Sementara itu, sebagian guru masih menghadapi masalah SKTP Juli yang belum terbit. Guru yang berada dalam kondisi tersebut disebut masih memiliki kesempatan mengikuti validasi susulan.
Penarikan data untuk Agustus disebut dilakukan pada 10 Agustus. Karena itu, operator sekolah diminta memastikan sinkronisasi Dapodik dilakukan sebelum atau paling lambat pada tanggal tersebut.
Baca Juga: TPG Agustus 2026 Segera Diproses, Guru Diminta Cek PTK Data Sebelum SKTP Terbit
Data yang terlambat disinkronkan berpotensi tidak ikut dalam proses penarikan. Guru yang memiliki perubahan data juga disarankan segera berkoordinasi dengan operator sekolah.
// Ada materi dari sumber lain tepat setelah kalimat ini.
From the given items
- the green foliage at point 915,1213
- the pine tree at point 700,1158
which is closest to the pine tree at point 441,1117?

Cek Beban Mengajar dan Tugas Tambahan
Guru yang SKTP Juli belum terbit dapat mengecek data melalui PTK Datadik. Beberapa hal yang perlu diperiksa antara lain beban mengajar, tugas tambahan, pendidikan, sertifikasi, kepangkatan, dan kenaikan gaji berkala.
Beban mengajar perlu dipastikan sesuai dengan kondisi sebenarnya di sekolah. Jika jam mengajar belum mencapai 24 jam per minggu, tugas tambahan dapat menjadi bagian dari pemenuhan beban tersebut sesuai ketentuan yang berlaku.
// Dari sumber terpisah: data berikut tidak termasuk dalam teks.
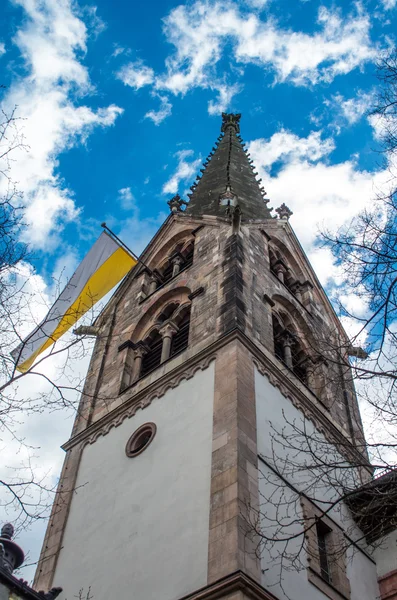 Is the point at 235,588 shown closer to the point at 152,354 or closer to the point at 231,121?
the point at 152,354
Baca Juga: TPG Februari: SKTP Disebut Sudah Terbit di Info GTK, Guru Diminta Cek Beban Mengajar
Dalam contoh pada video, guru memiliki 12 jam mengajar dan tambahan 12 jam dari tugas tambahan. Totalnya menjadi 24 jam sehingga memenuhi persyaratan beban mengajar.
Guru juga diminta memperhatikan status tugas tambahan. Jangan sampai terdapat tugas yang sudah memiliki TST atau tanggal selesai tugas, karena dapat memengaruhi perhitungan data.
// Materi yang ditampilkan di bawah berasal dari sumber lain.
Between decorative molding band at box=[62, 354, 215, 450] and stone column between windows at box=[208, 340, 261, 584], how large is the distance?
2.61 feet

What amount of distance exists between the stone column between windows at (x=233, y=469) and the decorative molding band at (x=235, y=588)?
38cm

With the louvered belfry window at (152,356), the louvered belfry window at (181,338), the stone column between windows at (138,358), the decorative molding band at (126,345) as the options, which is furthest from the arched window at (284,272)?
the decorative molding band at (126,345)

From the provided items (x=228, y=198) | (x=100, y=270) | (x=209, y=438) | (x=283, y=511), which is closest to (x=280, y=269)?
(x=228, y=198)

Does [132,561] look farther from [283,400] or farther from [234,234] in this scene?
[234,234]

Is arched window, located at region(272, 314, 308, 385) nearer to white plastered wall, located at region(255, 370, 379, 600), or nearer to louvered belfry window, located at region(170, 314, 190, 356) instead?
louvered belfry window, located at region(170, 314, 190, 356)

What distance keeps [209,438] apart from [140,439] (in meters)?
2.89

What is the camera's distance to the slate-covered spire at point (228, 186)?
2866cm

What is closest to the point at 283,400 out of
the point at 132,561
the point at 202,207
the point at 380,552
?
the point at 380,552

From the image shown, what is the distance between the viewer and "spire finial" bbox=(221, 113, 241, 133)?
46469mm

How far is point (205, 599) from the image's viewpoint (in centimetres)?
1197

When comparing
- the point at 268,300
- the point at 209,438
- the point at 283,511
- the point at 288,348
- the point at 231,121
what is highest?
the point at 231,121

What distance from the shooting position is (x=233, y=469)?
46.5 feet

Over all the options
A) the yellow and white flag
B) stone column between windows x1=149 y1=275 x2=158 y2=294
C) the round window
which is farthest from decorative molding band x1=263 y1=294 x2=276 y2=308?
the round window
Gaji Pokok Juga Wajib Diperiksa
Selain jam mengajar, data gaji pokok menjadi bagian penting yang harus diperiksa. Informasi gaji di PTK Datadik perlu sama dengan data yang tercantum pada Info GTK.
Baca Juga: TPG Agustus 2026 Segera Diproses, Guru Diminta Cek PTK Data Sebelum SKTP Terbit
Jika terdapat perbedaan, guru disarankan segera berkoordinasi dengan operator sekolah. Ketidaksesuaian data gaji dapat berpengaruh terhadap besaran pembayaran TPG.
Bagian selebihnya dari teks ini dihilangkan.